Des meta-architectures présentées aux murs, Camille Sauer a tiré des mondes numériques, plateaux de jeu vidéo dans lesquelles se déplace son avatar, ou « être réciproque » – son alter ego virtuel – sous notre contrôle. Comme une autre manière d’entrer dans le dessin, de pénétrer la matrice de notre monde et d’en explorer tous les mécanismes, à travers elle, ou plutôt avec elle. Au centre de la salle, un objet sonore demande lui aussi l’implication du public. Artiste-compositrice, Camille Sauer conçoit la musique comme une autre manière d’incarner la structure – l’objet sonore est donc lui-aussi une architecture, l’incarnation d’un système. En l’activant, on libère la parole poétique, qui est également politique. En échos à ces dispositifs exploratoires, Camille Sauer présente l’Industrie artistique, un opéra audiovisuel qui interroge le rôle de l’artiste au sein de notre société.
Dans un monde alternatif aux environnements une place pour l’artiste inspirés d’une forme d’hyper planification architecturale et industrielle, l’artiste se trouve – par l’intermédiaire de son avatar – plongée au sein d’une industrie productiviste, provoquant par ses récits la création de nouveaux imaginaires. À la fois œuvre visuelle, poétique et musicale, l’Industrie artistique se trouve au croisement de ses pratiques d’écriture, de composition et de création d’images, et reprend l’ensemble de ses recherches structurelles et politiques, souhaitant donner à voir les bouleversements intérieurs qui peuvent traverser la vie d’un artiste dans ses premières années.
En décortiquant les règles et les processus qui régissent notre quotidien, en les donnant à voir par le jeu, la poésie, la vidéo ou le dessin, Camille Sauer cherche une place pour l’artiste au sein de nos systèmes culturels, et plus généralement une portée pour la création.
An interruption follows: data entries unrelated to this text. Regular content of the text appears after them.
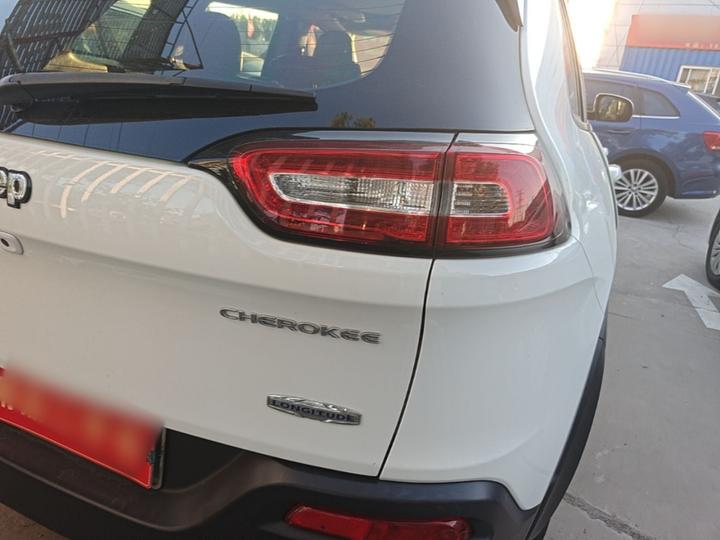 Cherokee 2016 2.4L Smart photo 7
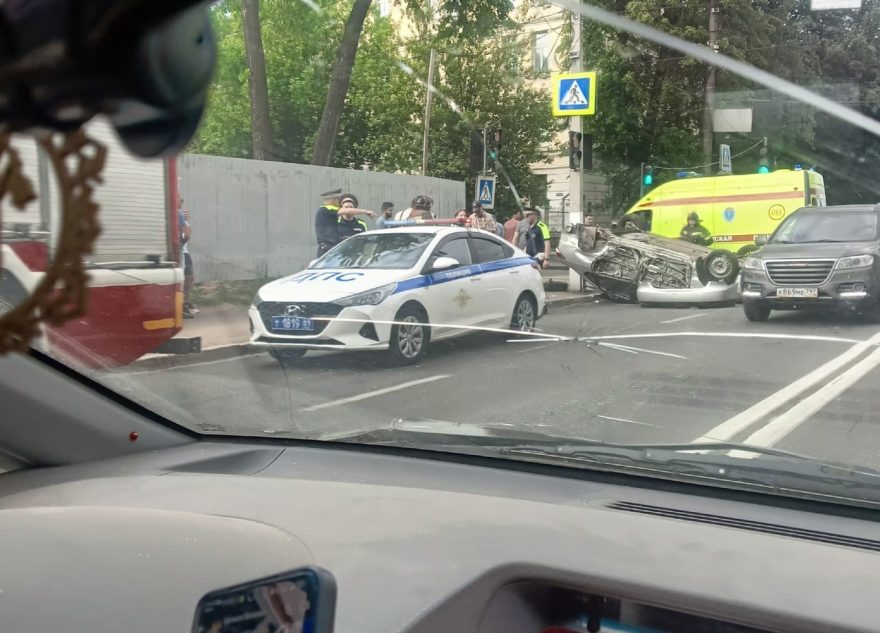 На дороге в Твери перевернулся автомобиль На дороге в Твери перевернулся автомобиль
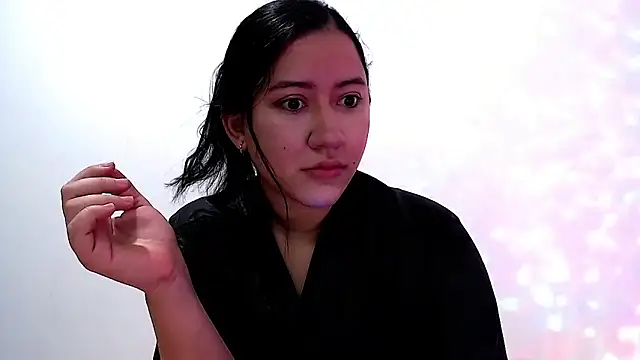 Snapshot of LuciaTomson chatting on 02.04.26 LuciaTomson online show from 02.04.26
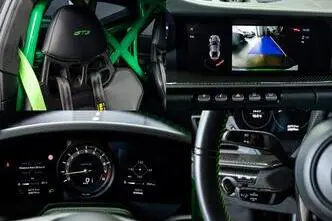 Porsche 911, 4.0, 375 kW, petrol, automatic, rear-wheel drive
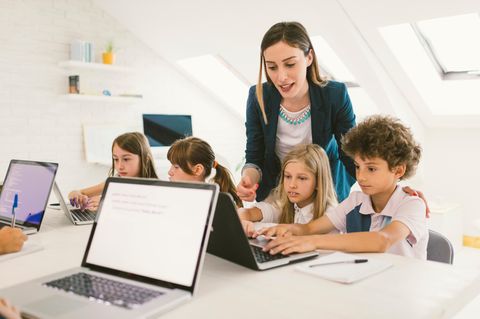 Für das Finanzamt zählt auch eine Lehrerin zu den Top-Verdienern, für die der Spitzensteuersatz fällig wird.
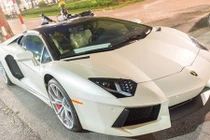 Siêu xe Aventador mui trần giá 26 tỷ ra biển ở Hà Nội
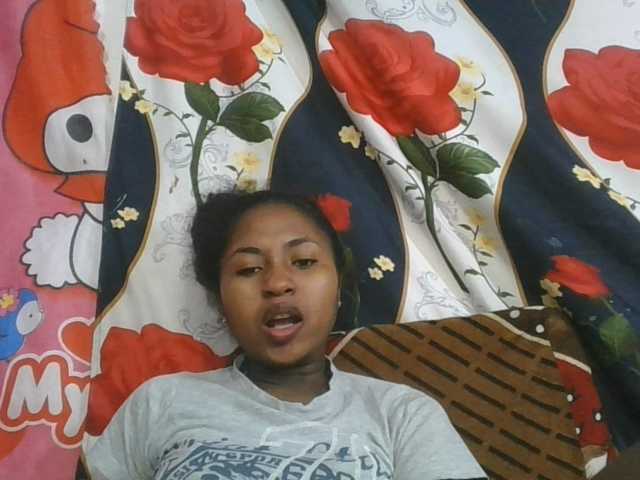 Marinah1a live cam on BongaCams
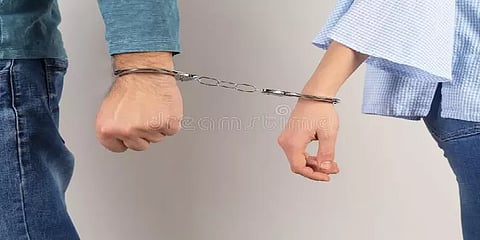 மும்பை: மகனுடன் சேர்ந்து கணவனை கொலை செய்து 7-வது மாடியில் இருந்து தூக்கி வீசிய மனைவி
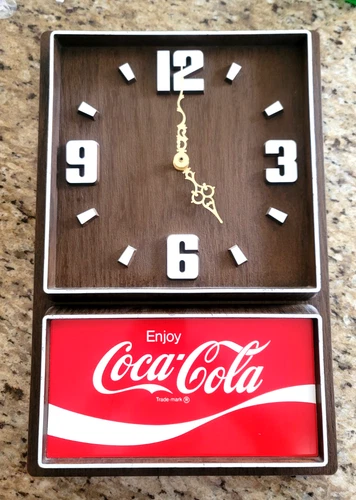 Vintage Coca Cola Coke Electric Wall Clock Soda Pop Advertising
À travers son cheminement intérieur, cette aventure solitaire au sein d’une industrie ambiguë, elle sonde la possibilité même de la rencontre artistique, de l’interférence, et de ses effets sur notre perception du monde. C’est sans doute là que se trouve le fondement de son travail, et la raison pour laquelle sa voix porte aujourd’hui une importance toute particulière.